Arguing for Generational Superiority



This is another one of those posts challenging the assumption that as Millennials storm their way into the workforce they're going to radically change the landscape and force organizations to adapt to their idiosyncratic ideals in order to harness their power and survive. It's a good post as these posts go, and Andrew McAfee throws in the obligatory pop culture reference to make sure you're paying attention.

But what always fascinates me about these posts is how many comments they get. McAfee got 91 comments with this one. 91! The average on HBR seems to be about 10.

Not that I'm jealous or anything.

If you take time to start reading through those comments, you discover that the majority are from a much smaller group of people--people from different generations--arguing back and forth over whether Millennials are special or not. Here's how it typically goes:

Millennial: I'm a Millennial and I'm different!

Xer: Oh yeah? Well, I'm an Xer, and twenty years ago I was just like you. Millennials aren't any different.

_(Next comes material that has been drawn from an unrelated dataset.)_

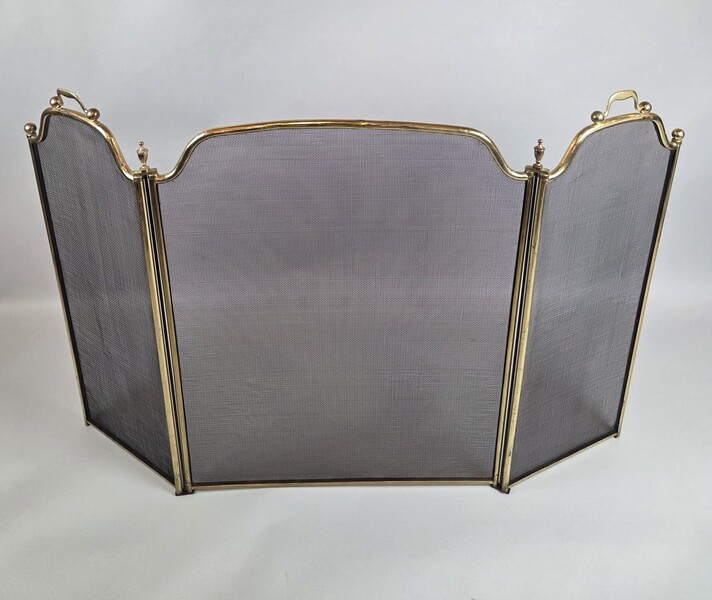 Large brass fire screen, late 19th century
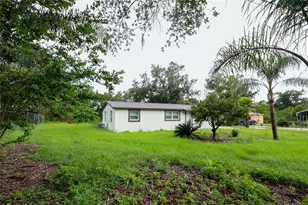 6427 A L Campbell Ln, Seffner, FL 33584 - Photo 4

Millennial: Yes we are! We're more experienced and more marketable than previous generations at our age. We deserve rewards for the skills we're bringing to the table. And we're not content with the status quo. We want to shake things up and create new ways of doing things.

Xer: We wanted the same things when we were your age. Ugh! We still want those things! But we learned that those things don't come without making sacrifices to exitsing power structures. You need to learn the same thing.

Millennial: But we shouldn't have to! We're special!

Xer: No you're not. Now wait your turn.

Boomer: I don't know what you two are arguing about. Nobody's getting nothing till I get mine.

And so it goes. Let me sum up with this comment:

Ninety percent of the talk about the new generation changing the way we work is just that--talk. Millennials will have an impact. Just like Xers did and Boomers did before them. But that impact will be evolutionary, not revolutionary. It won't be realized until Millennials are fully integrated into the workforce and hold a significant number leadership positions. And by that time everyone will be talking about a new generation of youngsters coming into the workplace to shake things up.

Thursday, September 9, 2010

Generational Herd Mentalities



A little while ago, Neil Howe called attention on his blog to a New York Times feature story about a 24-year-old Millennial who, even amidst the Great Recession, is living at home and turning down $40K job offers until just the right opportunity comes along. As Howe notes:

The story lit up a firestorm of reader responses: no less than 1,487 comments thus far, and much larger echoes on the blogosphere. Many of the commenters lambasted the NYT for suggesting that this privileged young man’s experience (he lives in a nice suburban home and his dad is president of a small manufacturing company) is in any way representative of the employment hardships most youth are facing today.

But here's the part I find interesting:

Even more excoriated the young man for turning down the $40K offer—and the family for letting him live at home while turning down such offers. The most vicious remarks seemed to come from older (Generation X and Boomer) readers, who often cited their own tough, low-salary beginnings. Apparently, they disapprove of this generation’s tendency to hold fast to long-term plans and dreams. Be realistic, they insist. Eat humble pie. It will be good for you (to repeat what older Chinese now tell the rising “Little Emperor” generation) to “taste bitterness.”

Howe is perplexed by this reaction, citing (persuasively, I think) several mitigating factors, statistics and situational realities that make the Millennial's decisions more understandable. It's a good read, and it parallels the perspective of many Millennials in the job market today, wanting to succeed, but not willing to settle for second best.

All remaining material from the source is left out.